RSA: fare rete e investire in formazione, ecco (secondo l’IPASVI) come migliorarle

Fare rete, investire nella formazione, rispondere a bisogni di relazione oltre che infermieristici.
Sono questi i temi principali emersi dalla tavola rotonda “I bisogni emotivi che non scompaiono” dedicata alle Rsa organizzata nell’ambito della mostra “La vita prima” di Emiliano Cribari promossa dal Collegio Ipasvi di Firenze in sinergia con Le Murate progetti arte contemporanea.
Un confronto che si è tenuta nei giorni scorsi alle Murate di Firenze, moderato da Mariaflora Succu,dirigente infermieristico libero professionistae alla quale hanno partecipato Barbara Trambusti, dirigente responsabile di area socio sanitaria,Daniele Raspini dirigente della Rsa Martelli, Laura Petrioli direttrice della Rsa l’Uliveto, Lina Callupe di Cittadinanza Attiva, Cecilia Pollini vicepresidente del Collegio Ipasvi di Firenze,Corinna Pugi infermiera consigliere Q 4 Firenzee Alessandra Schiavoni psicologa psicoterapeuta.
“Non c’è tentativo di empatia se non riesce a fare qualcosa di diverso: immaginarsi nei panni di chi abbiamo davanti – ha detto Mariaflora Succu,dirigente infermieristico libero professionista – tutti dobbiamo fare uno sforzo perché le persone anziane vivano sì i loro ricordi ma non restino prigioniere del passato: ogni giorno va riempito con stimoli nuovi”.
Un aspetto fondamentale è anche la necessità di investire nella formazione del personale e nel “bello”, perché ha sottolineato Alessandra Schiavoni: “Bisogna comprendere l’importanza di avere oggetti che ci fanno sentire più in casa nostra. La Rsa è la casa degli anziani più che degli infermieri e ognuno dovrebbe avere la possibilità di ricavarsi il proprio ‘pezzo’. La risorsa della Rsa è nella socialità, nei legami che si creano con gli altri ospiti”. Cecilia Pollini ha evidenziato la necessità che la formazione sia un momento di scambio tra professionisti: “È necessariolavorare in equipe per rispondere non solo a bisogni assistenziali e infermieristici, ma anche di relazione, promuovere l’incontro tra professionisti diversi che forniscano gli strumenti per cogliere i bisogni inespressi”. Mentre per Callupe la formazione deve essere a 360 gradi, perché “è importante educare alla comunicazione e alla relazione con i pazienti”. Per Raspini: “Si può parlare di formazione e multidisciplinarietà ma servono anche esperienze che consolidino i rapporti fra le persone, che creino armonia”.

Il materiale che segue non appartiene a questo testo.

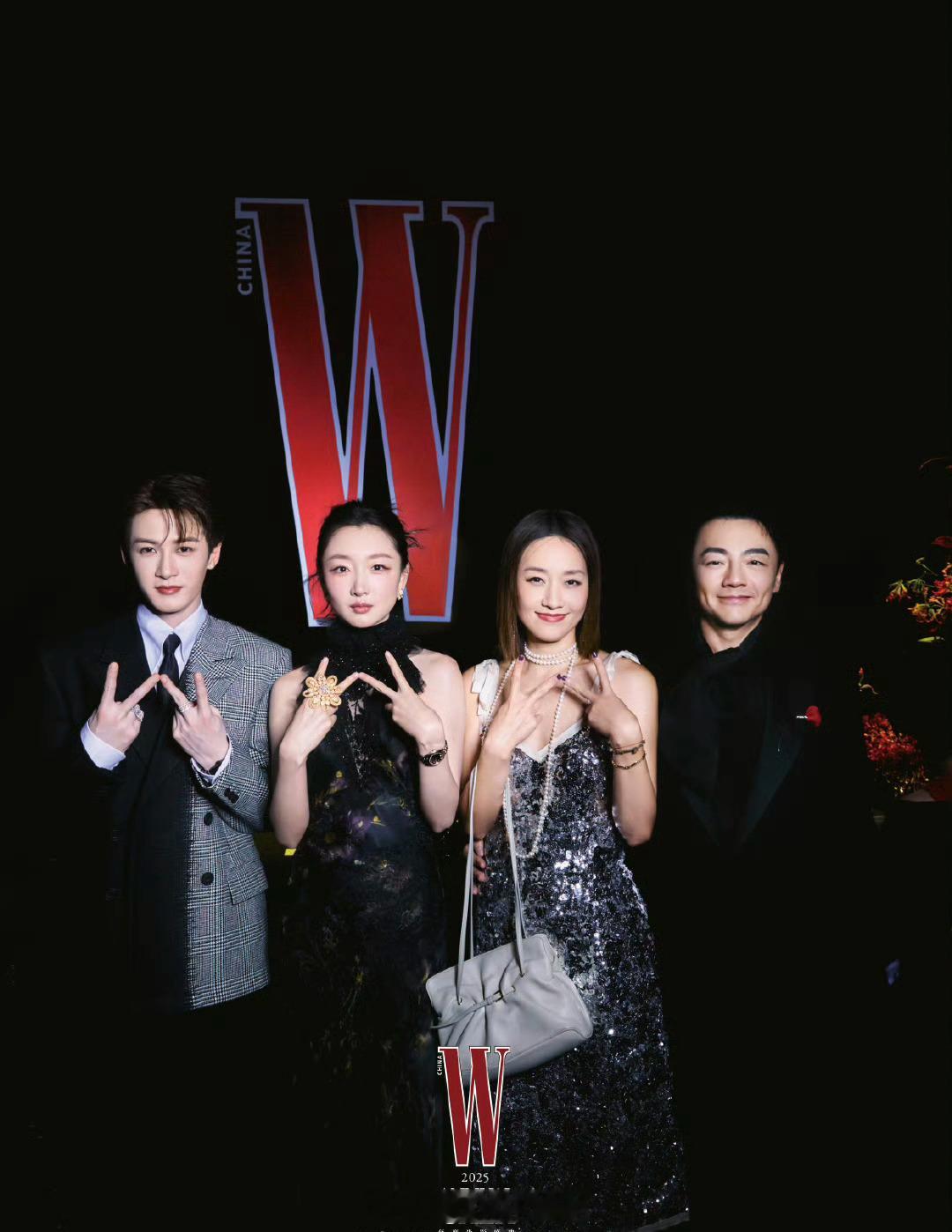 檀健次昨晚W盛典合照，太帅了[送花花] ​​​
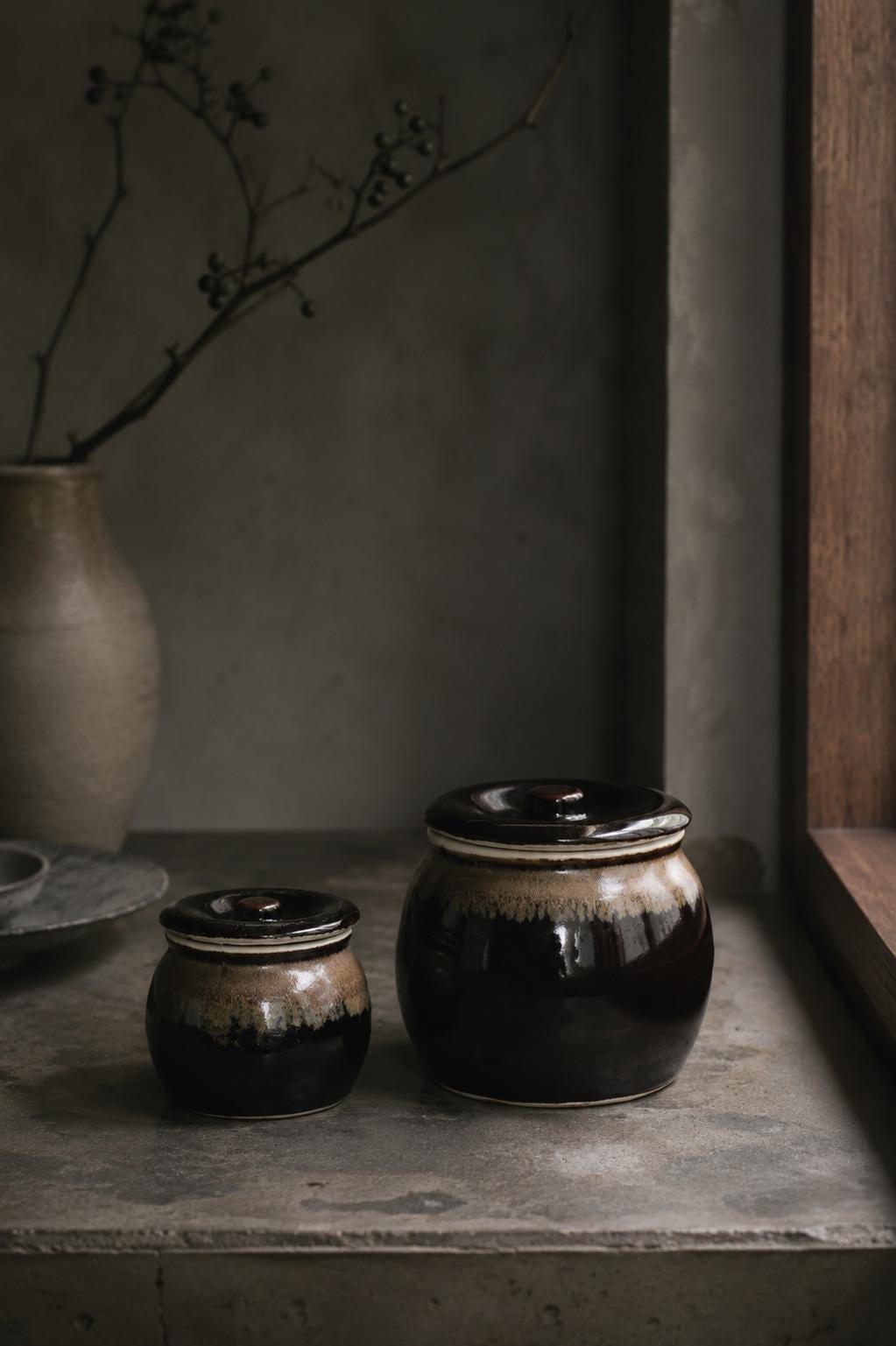 Japanese Mino Ware Lidded Storage Jar | Ceramic Miso Crock | Garlic Keeper | Pickle Jar | Kitchen Canister | Made in Japan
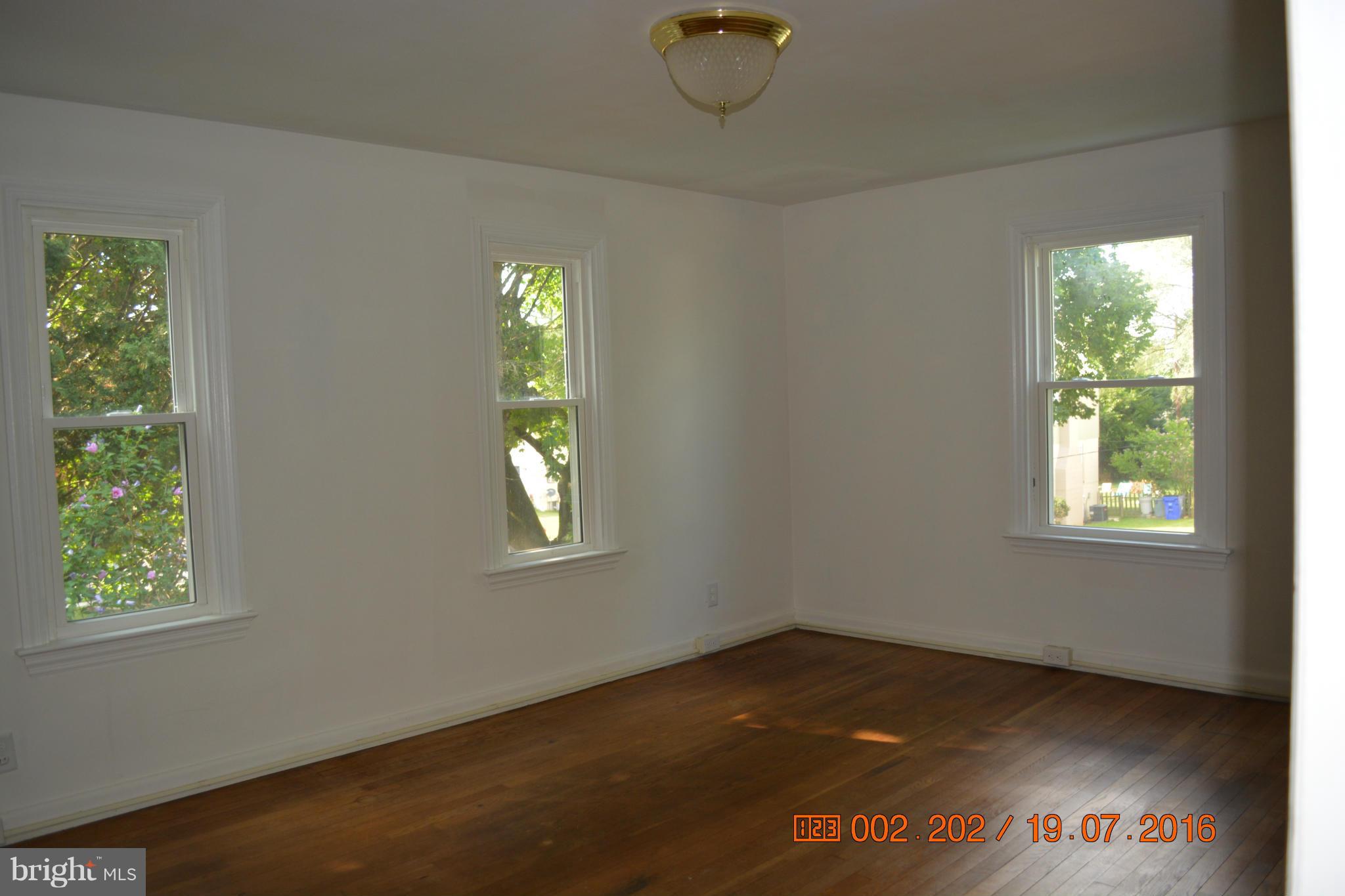 1121 Fairview Road Hagerstown, MD 21742 - Photo 5 of 11 Bedroom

Ma il problema delle Rsa per Trambusti “è dato dalla non conoscenza, dallo scarso interesse nei confronti di queste strutture, spesso considerate l’ultimo scalino. Per farle crescere bisogna renderle più appetibili, farle conoscere di più. Ma questa è una cosa che dovrebbe avvenire a monte, già quando siamo in formazione. È già stato attivato un progetto con il Centro criticità relazionali per far nascere una relazione dove prima non c’era ma si tratta di un progetto lungo, per il quale dobbiamo continuare a lavorare”.
Soprattutto c’è necessita di fare rete. “Le risorse economiche sono sempre meno e la Regione Toscana si trova a fare delle scelte – ha detto Pugi – ma c’è anche integrazione fra pubblico, privato accreditato, privato puro. Bisogna trovare la giusta misura per far sì che tutti i vari attori dialoghino avendo come punto di partenza la persona. Prima della Rsa ci dovrebbero essere passaggi intermedi territoriali che ora spesso non si considerano perché manca il dialogo tra assistenza sociale, medici, attività di volontariato sociale; per questo spesso si è costretti a ricorrere all’istituto”.
Altro tema toccato è stato quello dell’impatto emotivo che può avere la quotidianità nella Rsa su uno studente neolaureato. “Il rischio dei neolaureati è il burnout – ha detto Schiavoni – per questo è molto importante la formazione sui temi emotivi: se non si insegna ai ragazzi come gestire le emozioni non li si mette in condizione di lavorare serenamente”.
Si è parlato anche di contenzione, in relazione al delicato equilibrio fra libertà personale e sicurezza dei pazienti, riallacciandosi alla necessità di educare alla relazione. E ancora i progetti delle Rsa con le scuole: “per gli anziani – ha detto Schiavoni – giocare come i bambini è positivo. Si crea un clima di compensazione e scambio, anziani e bambini imparano l’uno dall’altro, soprattutto quando c’è una continuità. Gli anziani più sono creativi più riescono a conservare la loro vitalità”.